• [ASSIGNED TASK]:
For the records below, please print exactly and only the lines from the one with "bicos para esmagar, triturar, rasgar" down to the one with "Kalimeris mongolica &#039;Mon", both ends included, omitting the pictures.

• [Caption-style text data]:
Start of Block
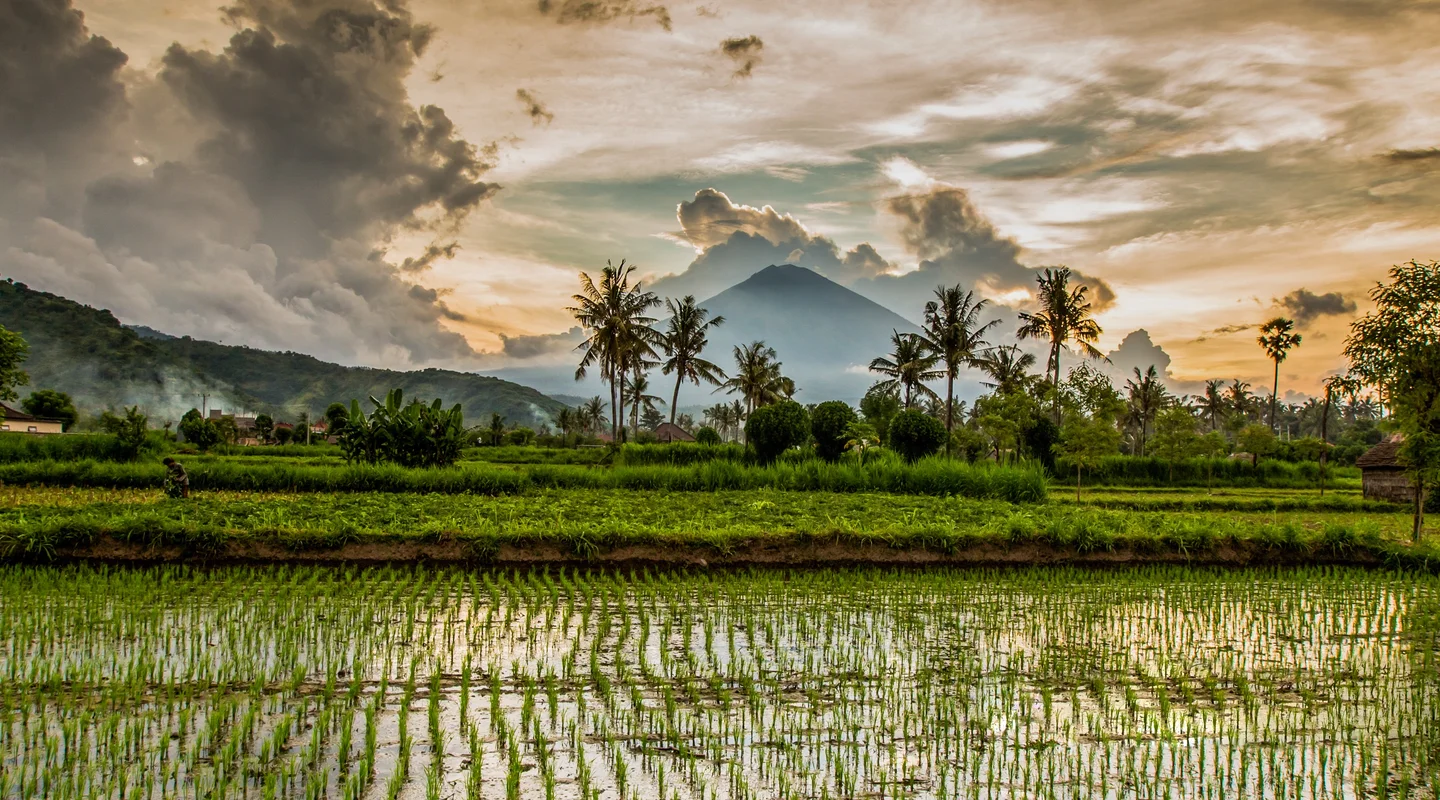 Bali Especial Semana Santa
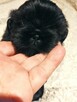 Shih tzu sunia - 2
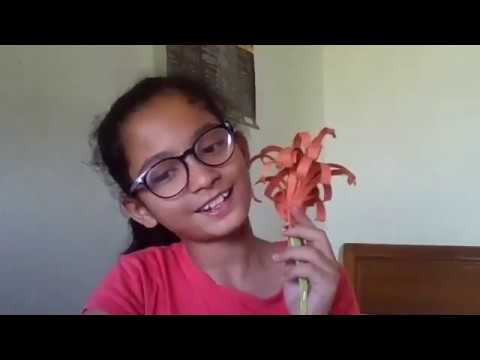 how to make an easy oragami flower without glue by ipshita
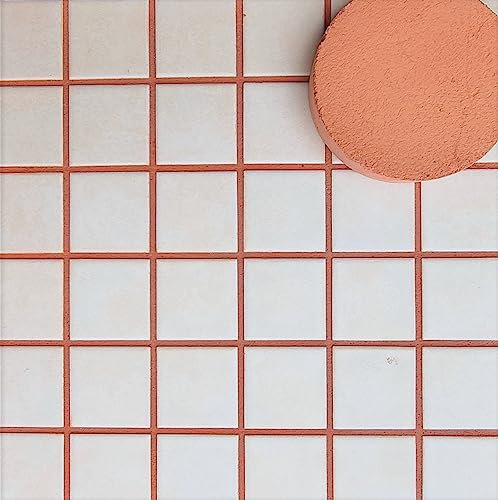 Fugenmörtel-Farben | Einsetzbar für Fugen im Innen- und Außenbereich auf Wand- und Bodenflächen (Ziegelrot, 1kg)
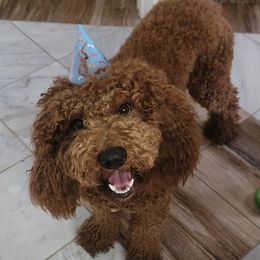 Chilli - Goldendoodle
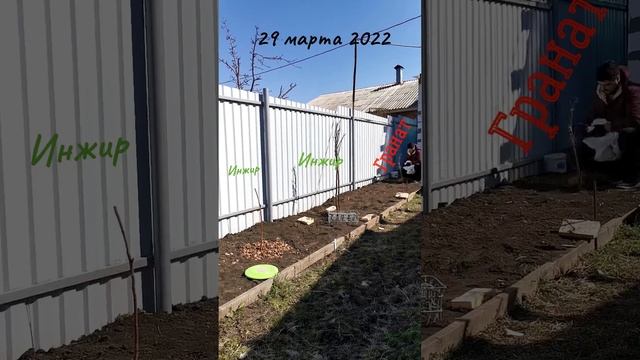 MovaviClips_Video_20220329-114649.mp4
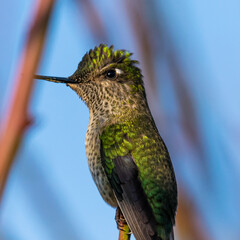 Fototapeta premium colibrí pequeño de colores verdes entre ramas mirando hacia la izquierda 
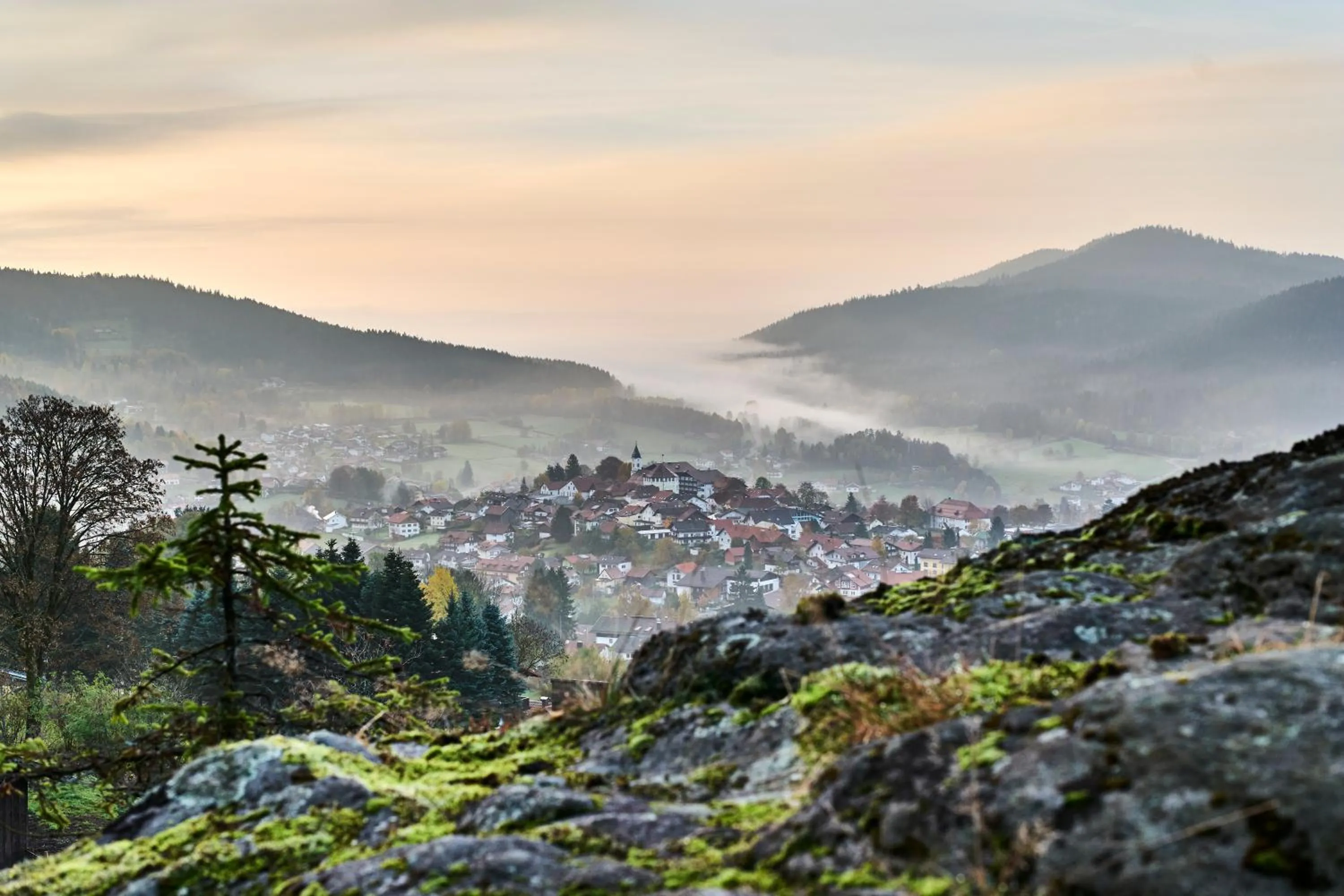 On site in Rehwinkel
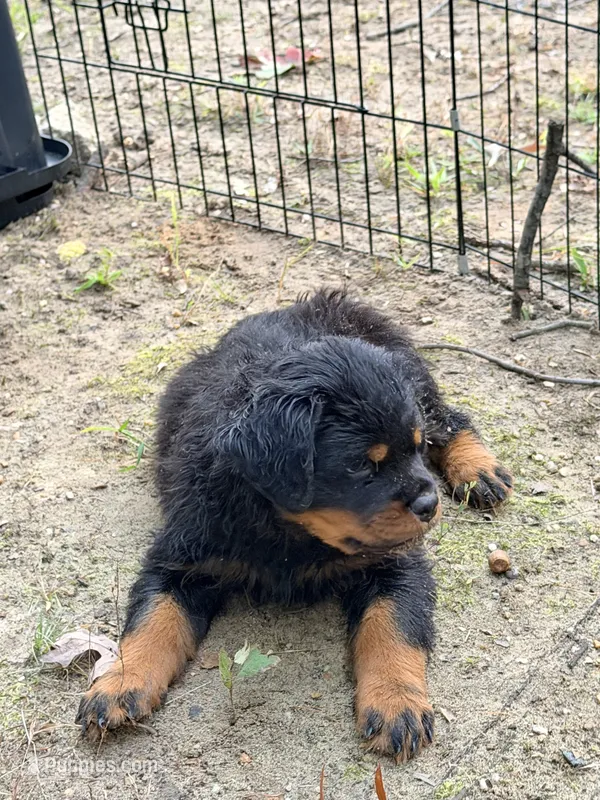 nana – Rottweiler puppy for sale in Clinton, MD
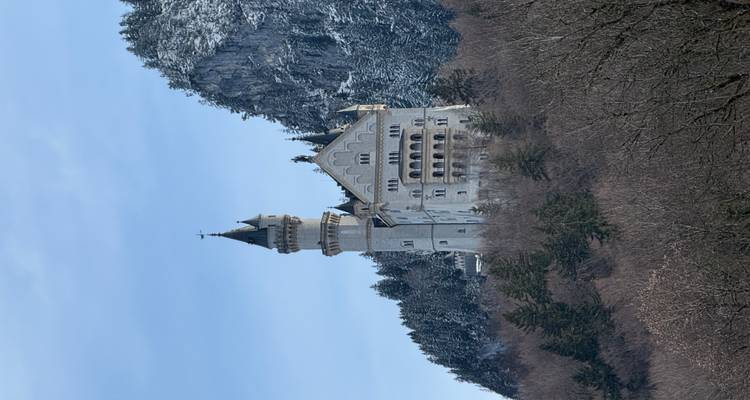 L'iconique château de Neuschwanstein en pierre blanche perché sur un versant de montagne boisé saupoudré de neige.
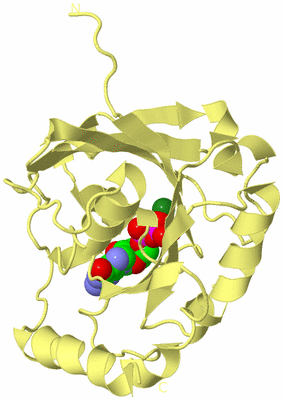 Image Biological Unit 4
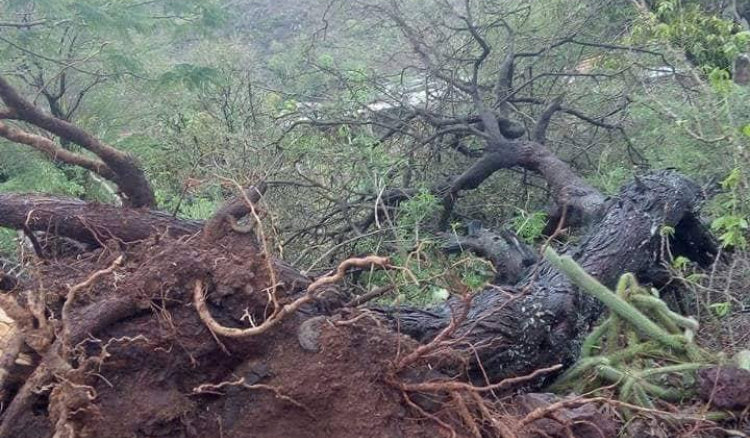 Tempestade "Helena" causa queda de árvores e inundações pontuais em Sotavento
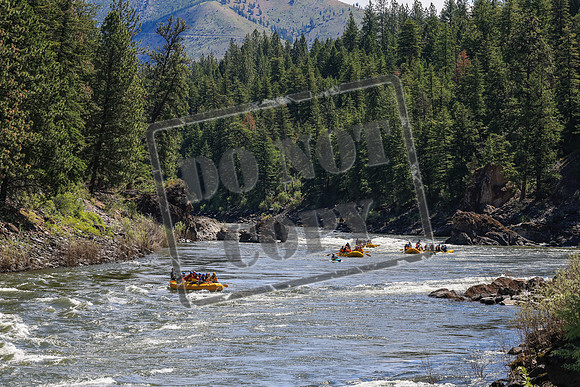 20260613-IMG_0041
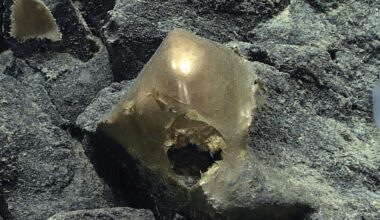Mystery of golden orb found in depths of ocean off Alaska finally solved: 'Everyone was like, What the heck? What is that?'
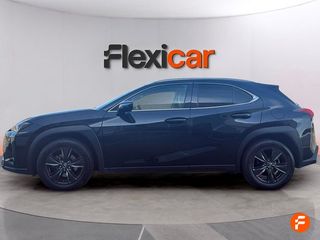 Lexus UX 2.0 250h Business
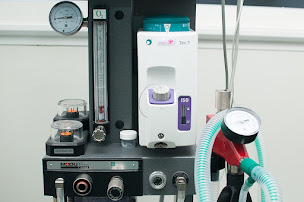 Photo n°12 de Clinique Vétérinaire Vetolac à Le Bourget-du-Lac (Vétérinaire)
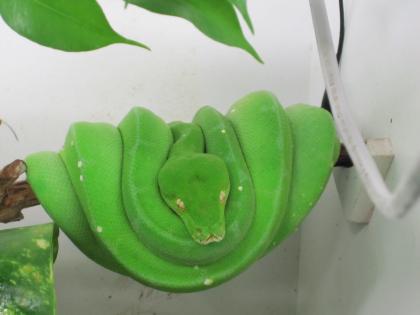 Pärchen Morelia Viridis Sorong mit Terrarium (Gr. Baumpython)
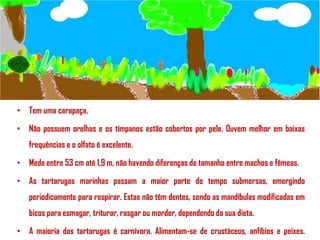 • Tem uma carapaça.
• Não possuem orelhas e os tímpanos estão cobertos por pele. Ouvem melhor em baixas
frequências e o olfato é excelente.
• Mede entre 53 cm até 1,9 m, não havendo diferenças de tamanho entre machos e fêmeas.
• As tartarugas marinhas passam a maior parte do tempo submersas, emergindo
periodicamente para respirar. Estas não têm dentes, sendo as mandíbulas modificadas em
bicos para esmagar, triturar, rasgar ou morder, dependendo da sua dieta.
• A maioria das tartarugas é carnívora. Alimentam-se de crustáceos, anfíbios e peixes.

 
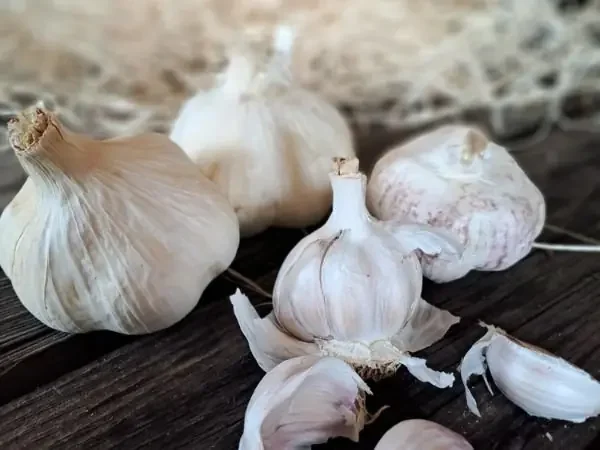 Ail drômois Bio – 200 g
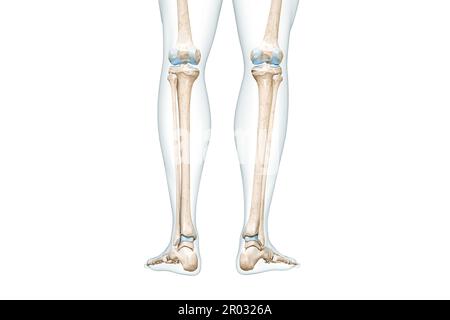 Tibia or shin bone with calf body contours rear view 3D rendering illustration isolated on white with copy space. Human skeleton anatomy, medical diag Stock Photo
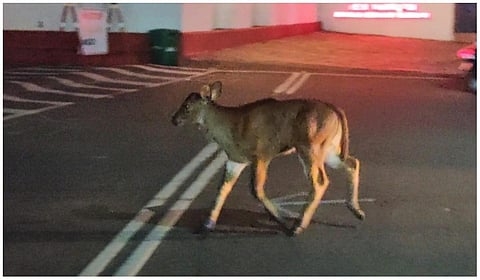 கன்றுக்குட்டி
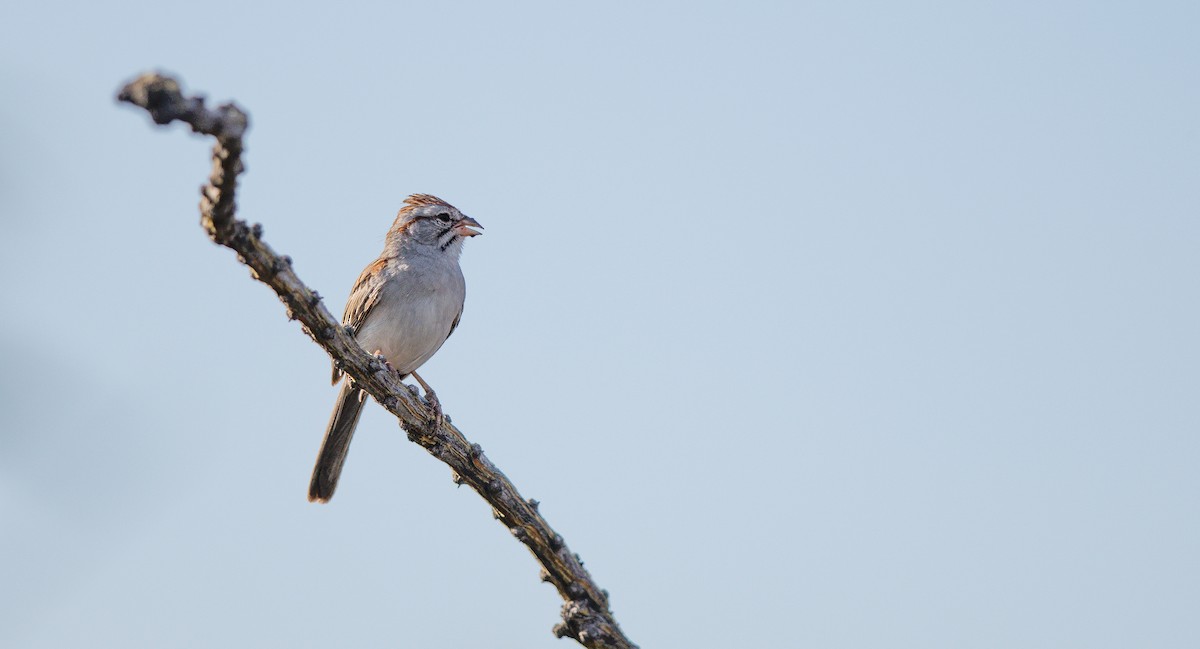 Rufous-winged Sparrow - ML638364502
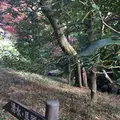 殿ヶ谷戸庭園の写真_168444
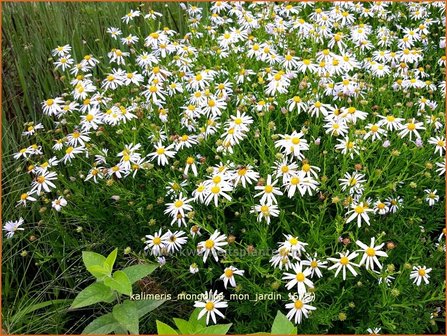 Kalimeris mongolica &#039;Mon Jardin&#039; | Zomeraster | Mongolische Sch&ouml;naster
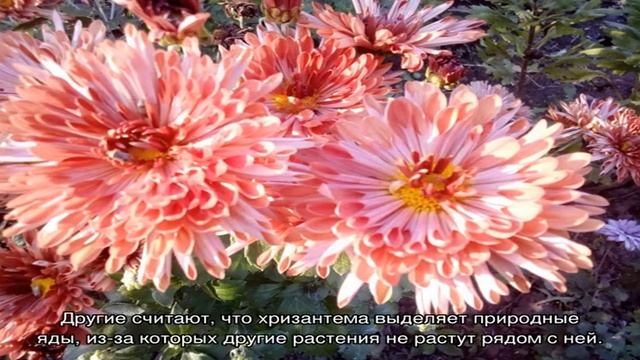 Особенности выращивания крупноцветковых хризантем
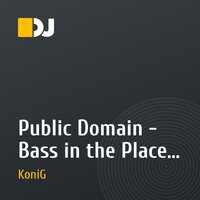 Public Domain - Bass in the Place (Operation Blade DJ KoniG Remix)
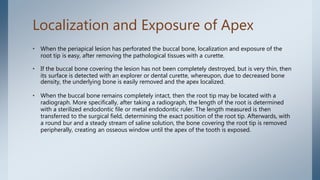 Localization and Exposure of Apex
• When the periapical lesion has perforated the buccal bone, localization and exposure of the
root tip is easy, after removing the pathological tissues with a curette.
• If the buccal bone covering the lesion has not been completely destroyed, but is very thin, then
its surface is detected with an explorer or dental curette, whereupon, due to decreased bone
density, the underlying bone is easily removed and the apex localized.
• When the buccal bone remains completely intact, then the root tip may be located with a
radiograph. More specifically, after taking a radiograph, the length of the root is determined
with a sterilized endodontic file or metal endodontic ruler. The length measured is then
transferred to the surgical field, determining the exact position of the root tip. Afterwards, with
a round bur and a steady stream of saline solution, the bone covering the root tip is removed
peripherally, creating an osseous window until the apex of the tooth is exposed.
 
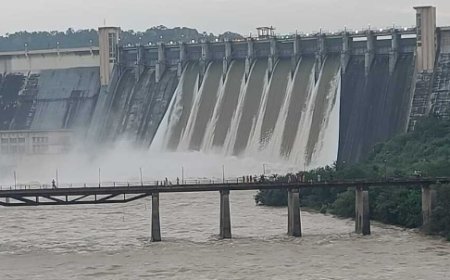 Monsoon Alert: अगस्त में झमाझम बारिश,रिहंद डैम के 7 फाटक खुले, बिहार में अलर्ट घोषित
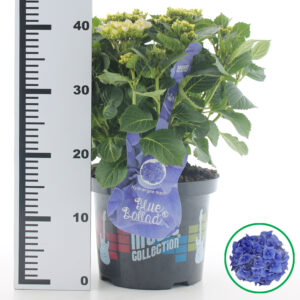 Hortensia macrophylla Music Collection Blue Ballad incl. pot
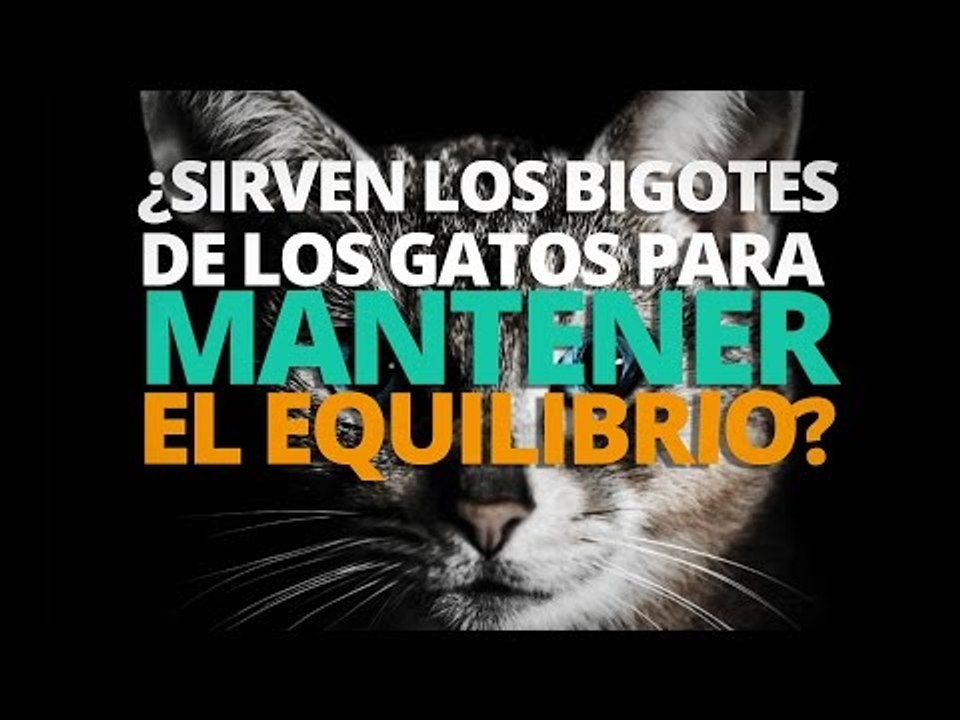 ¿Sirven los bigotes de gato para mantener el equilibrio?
End of Block
• [ANSWER BOX]:
bicos para esmagar, triturar, rasgar ou morder, dependendo da sua dieta.
• A maioria das tartarugas é carnívora. Alimentam-se de crustáceos, anfíbios e peixes.

 
 Ail drômois Bio – 200 g
 Tibia or shin bone with calf body contours rear view 3D rendering illustration isolated on white with copy space. Human skeleton anatomy, medical diag Stock Photo
 கன்றுக்குட்டி
 Rufous-winged Sparrow - ML638364502
 殿ヶ谷戸庭園の写真_168444
 Kalimeris mongolica &#039;Mon Jardin&#039; | Zomeraster | Mongolische Sch&ouml;naster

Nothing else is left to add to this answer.